Write the data out again exactly, with no pictures.

## [Records from a data source]
════════════════
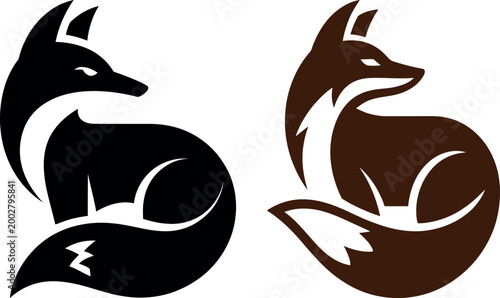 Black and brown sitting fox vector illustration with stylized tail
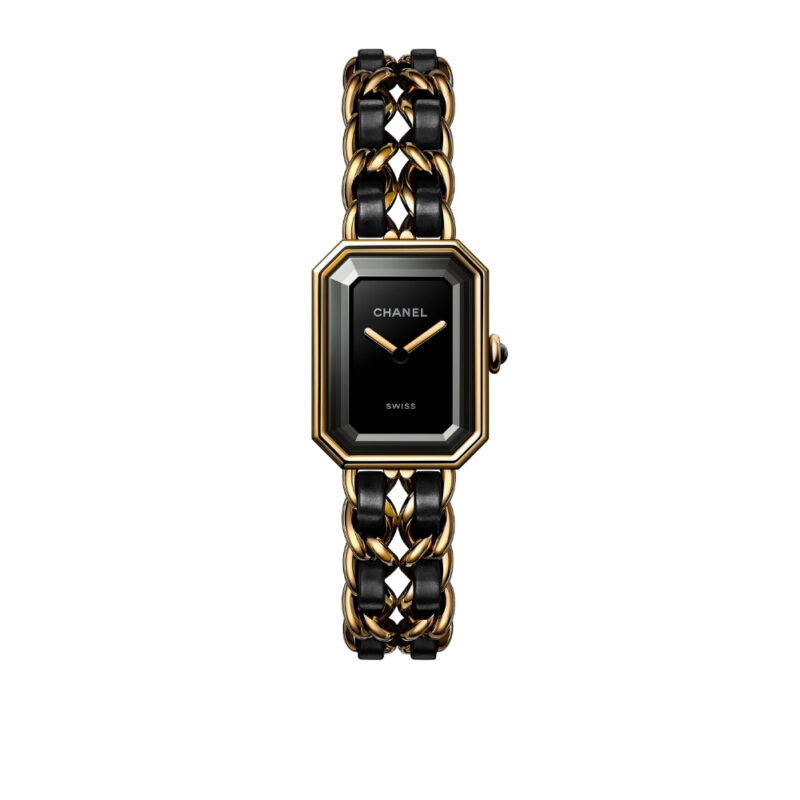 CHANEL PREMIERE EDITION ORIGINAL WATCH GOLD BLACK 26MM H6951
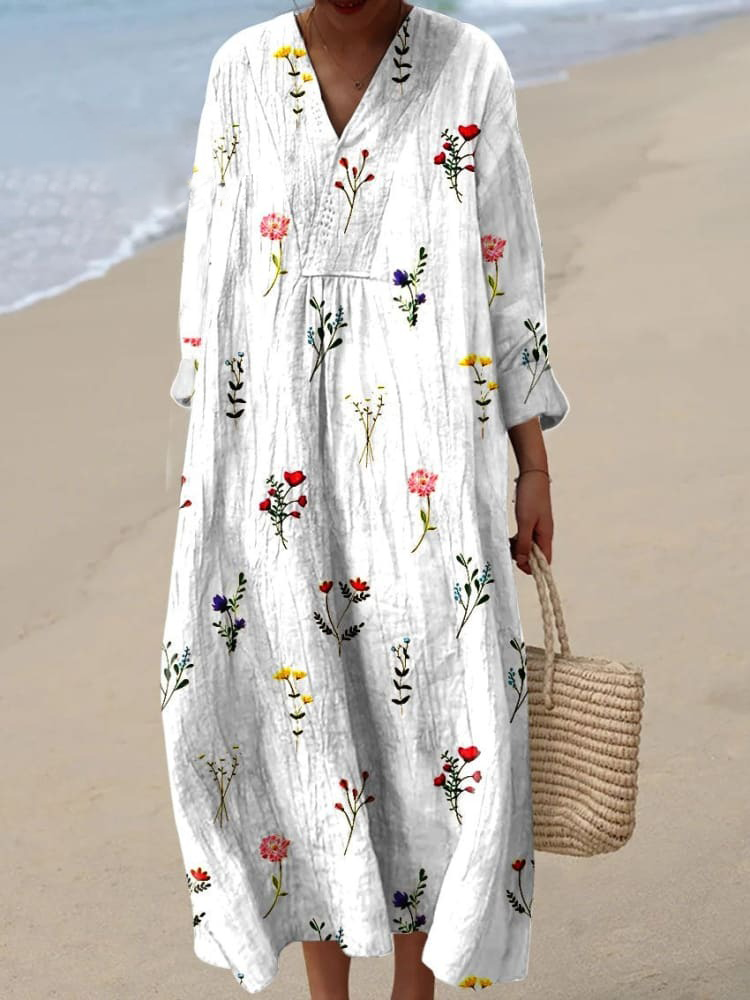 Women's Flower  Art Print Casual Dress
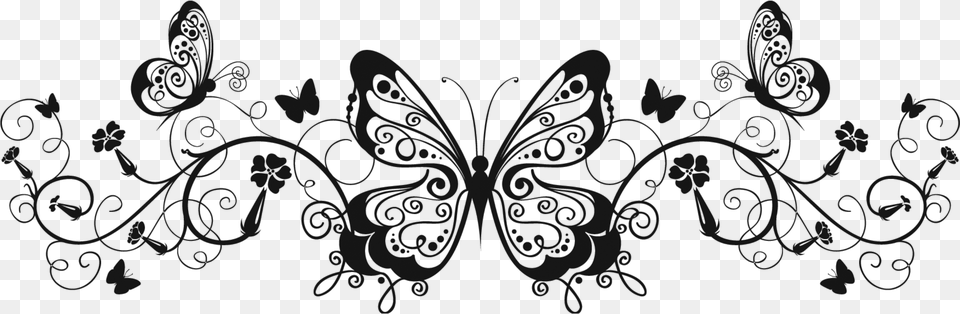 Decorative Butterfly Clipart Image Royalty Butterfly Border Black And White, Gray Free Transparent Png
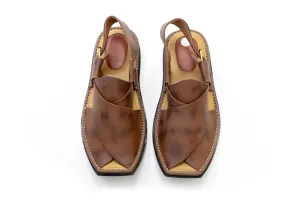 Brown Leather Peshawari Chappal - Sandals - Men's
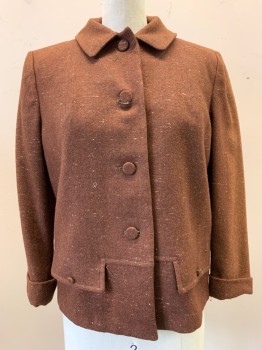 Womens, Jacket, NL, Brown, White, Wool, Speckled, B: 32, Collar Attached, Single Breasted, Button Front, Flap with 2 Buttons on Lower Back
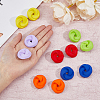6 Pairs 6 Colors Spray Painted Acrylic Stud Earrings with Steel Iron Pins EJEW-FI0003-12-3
════════════════
## [Answer to the problem]
 Black and brown sitting fox vector illustration with stylized tail
 CHANEL PREMIERE EDITION ORIGINAL WATCH GOLD BLACK 26MM H6951
 Women's Flower  Art Print Casual Dress
 Decorative Butterfly Clipart Image Royalty Butterfly Border Black And White, Gray Free Transparent Png
 Brown Leather Peshawari Chappal - Sandals - Men's
 Womens, Jacket, NL, Brown, White, Wool, Speckled, B: 32, Collar Attached, Single Breasted, Button Front, Flap with 2 Buttons on Lower Back
6 Pairs 6 Colors Spray Painted Acrylic Stud Earrings with Steel Iron Pins EJEW-FI0003-12-3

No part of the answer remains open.